Setting gpumps enables NVIDIA’s Multi-Process Service, which allows multiple MPI ranks to simultaneously access a GPU.

Setting smtn (where n is 1, 2, or 4) sets different SMT levels. To run with 2 hardware threads per physical core, you’d use smt2. The default level is smt4.

Batch Environment Variables

LSF provides a number of environment variables in your job’s shell environment. Many job parameters are stored in environment variables and can be queried within the batch job. Several of these variables are summarized in the table below. This is not an all-inclusive list of variables available to your batch job; in particular only LSF variables are discussed, not the many “standard” environment variables that will be available (such as $PATH).

Variable Description
LSB_JOBID The ID assigned to the job by LSF
LS_JOBPID The job’s process ID
LSB_JOBINDEX The job’s index (if it belongs to a job array)
LSB_HOSTS The hosts assigned to run the job
LSB_QUEUE The queue from which the job was dispatched
LSB_INTERACTIVE Set to “Y” for an interactive job; otherwise unset
LS_SUBCWD The directory from which the job was submitted

Job States

A job will progress through a number of states through its lifetime. The states you’re most likely to see are:

State Description
PEND Job is pending
RUN Job is running
DONE Job completed normally (with an exit code of 0)
EXIT Job completed abnormally
PSUSP Job was suspended (either by the user or an administrator) while pending
USUSP Job was suspended (either by the user or an administrator) after starting
SSUSP Job was suspended by the system after starting

Scheduling Policy

In a simple batch queue system, jobs run in a first-in, first-out (FIFO) order. This often does not make effective use of the system. A large job may be next in line to run. If the system is using a strict FIFO queue, many processors sit idle while the large job waits to run. Backfilling would allow smaller, shorter jobs to use those otherwise idle resources, and with the proper algorithm, the start time of the large job would not be delayed. While this does make more effective use of the system, it indirectly encourages the submission of smaller jobs.

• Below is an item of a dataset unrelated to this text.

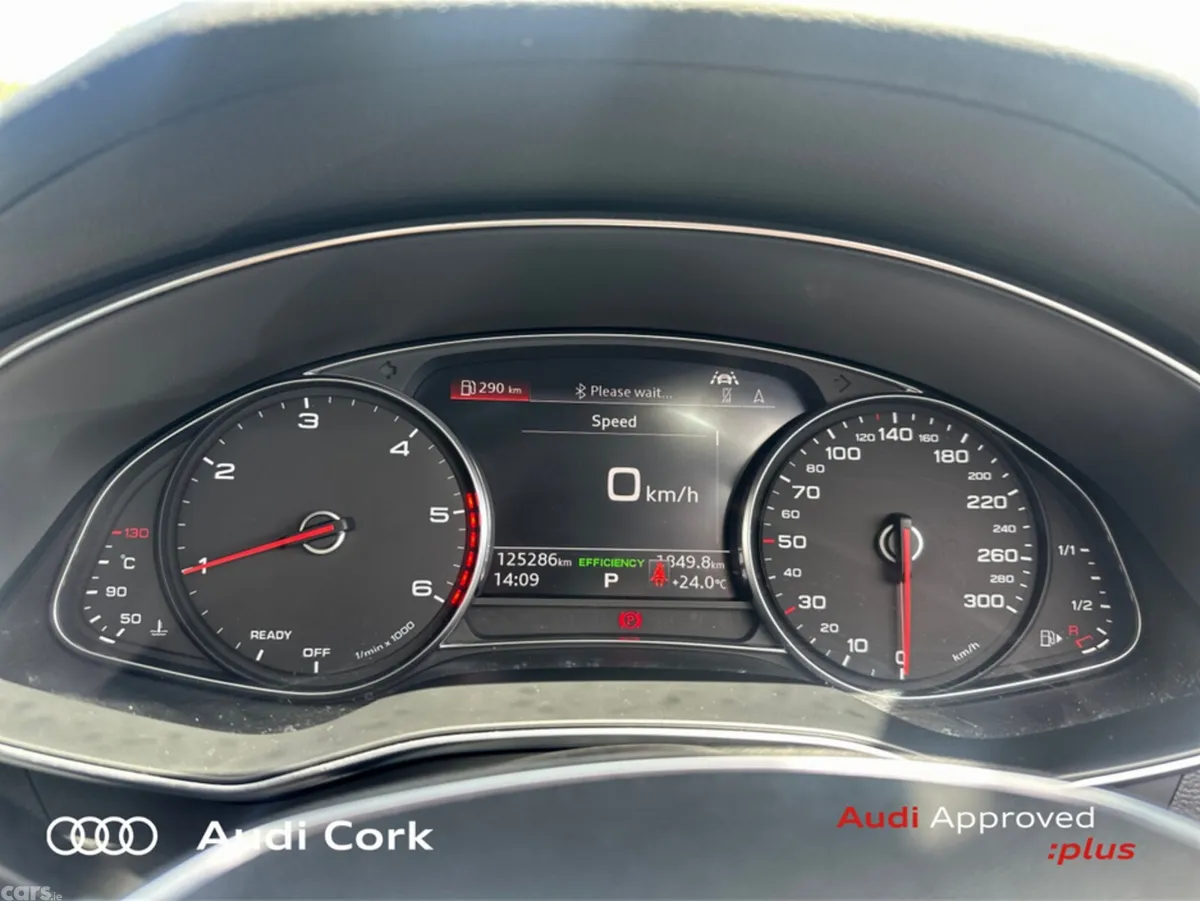Audi A6 Saloon, Diesel, 2023, Black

The DOE Leadership-Class Job Mandate

As a DOE Leadership Computing Facility, the OLCF has a mandate that a large portion of Summit’s usage come from large, leadership-class (aka capability) jobs. To ensure the OLCF complies with DOE directives, we strongly encourage users to run jobs on Summit that are as large as their code will warrant. To that end, the OLCF implements queue policies that enable large jobs to run in a timely fashion.

Note: The OLCF implements queue policies that encourage the submission and timely execution of large, leadership-class jobs on Summit.

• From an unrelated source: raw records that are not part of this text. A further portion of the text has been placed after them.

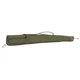Bob Allen 44" BA2100 Green Canvas Soft Shotgun Case w Leather Accent #14533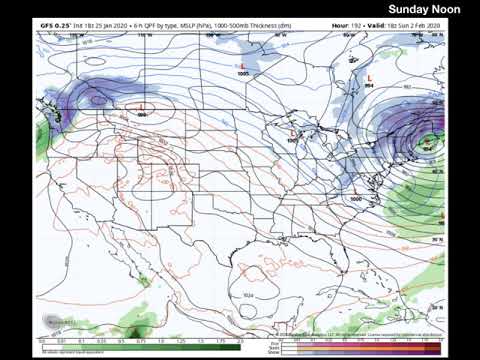 Weather Xtreme Video for Sunday, January 26, 2020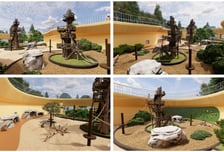 서울대공원 일본원숭이 동산, '자연 서식지' 닮은 새 보금자리 만든다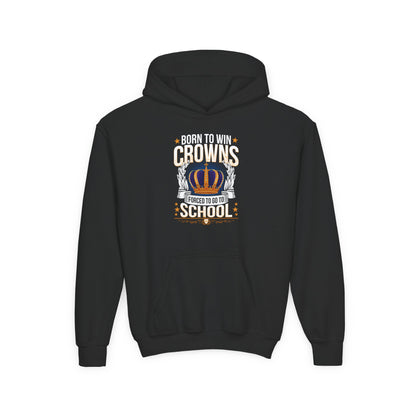 Born to Win Crowns — Forced to go to School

The basic priority-setting mechanism for jobs waiting in the queue is the time a job has been waiting relative to other jobs in the queue.

If your jobs require resources outside these queue policies, please complete the relevant request form on the Special Requests page. If you have any questions or comments on the queue policies below, please direct them to the User Assistance Center.

Job Priority by Processor Count

Jobs are aged according to the job’s requested processor count (older age equals higher queue priority). Each job’s requested processor count places it into a specific bin. Each bin has a different aging parameter, which all jobs in the bin receive.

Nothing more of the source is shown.